The shell takes a lot of settings from the current user. If you impersonate a user and then call into the shell, your service is now using that user's settings, which is effectively an elevation of privilege: An unprivileged user is now modifying settings for a service. For example, if the user has customized the Print verb for text files, and you use Shell­Execute to invoke the print verb on a text document, you are at the mercy of whatever the user's print verb is bound to. Maybe it runs Notepad, but maybe it runs pwnz0rd.exe. You don't know.

Similarly, the user might have a per-user registered copy hook or namespace extension, and now you just loaded a user-controlled COM object into your service.

In both cases, this is known to insiders as hitting the jackpot.

Okay, so what about if you call Shell­Execute or some other shell function while not impersonating? You might say, "That's okay, because the current user's registry is the service user, not the untrusted attacker user." But look at that sentence I highlighted up there. Once HKEY_CURRENT_USER get bound to a particular user, it remains bound to that user even after impersonation ends. If somebody else inadvisedly called a shell function while impersonating, and that shell function happens to be the first one to access HKEY_CURRENT_USER, then your call to a shell function while not impersonating will still use that impersonated user's registry. Congratulations, you are now running untrusted code, and you're not even impersonating any more!

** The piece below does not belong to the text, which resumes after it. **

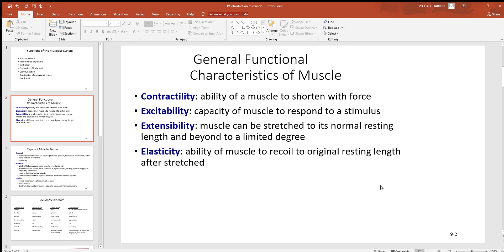Extensibility - after muscle has gotten shorter, you've got to be able to stretch it back out so that you can use it again. If you couldn't, it wouldn't be very useful to you. And then elasticity is because of a protein called a titin filament, which is shaped sort of like a coiled spring.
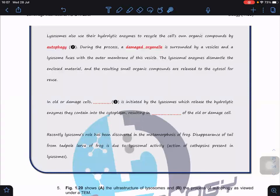Waste products are sent out by exocytosis. In old or damaged cells, autolysis is a process initiated by the lysosome, which releases the hydrolytic enzymes it contains into the cytosol, resulting in the self-destruction of the old and damaged cells.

So my recommendation is don't do it. Don't call shell functions while impersonating unless the function is explicitly documented as supporting impersonation. (The only ones I'm aware of that fall into this category are functions like SHGet­Folder­Path which accept an explicit token handle.) Otherwise, you may have created (or in the case of copy hooks, definitely created) a code injection security vulnerability in your service.

Comments (28)
  1. Zarat says:

    Ouch. Does this also affect "normal" (ie non-service) programs? Cause then I really need to add code accessing HKCU in all my 'main' functions to make sure no external code gets around to do that before me.

    ["Normal" programs cannot impersonate, so the issue does not exist. -Raymond]
  2. Anon says:

    This sounds like a thing which needs to be blocked, given that the behaviour is not only inconsistent, but in the best case counter-intuitive and in the worst case places the machine's security into a completely unknown state.

  3. alegr1 says:

    Most applications access HKCU on startup (to read settings, etc), so this will not be a problem.

  4. Zarat says:


    If this is indeed an issue I'd rather add explicit code accessing HKCU (and comment it appropriately) than relying on the implicit access from loading settings or other stuff. At least for the code I write myself, I prefer to keep it safe by design instead of 'safe by luck' ;)

    Also I worry that accessing environment variables does not need HKCU so I could get (for example) into the current users %AppData% without freezing HKCU on that user.

  5. Wyatt says:

    @alger1 -> Most SERVICE applications do not access HKCU, ever.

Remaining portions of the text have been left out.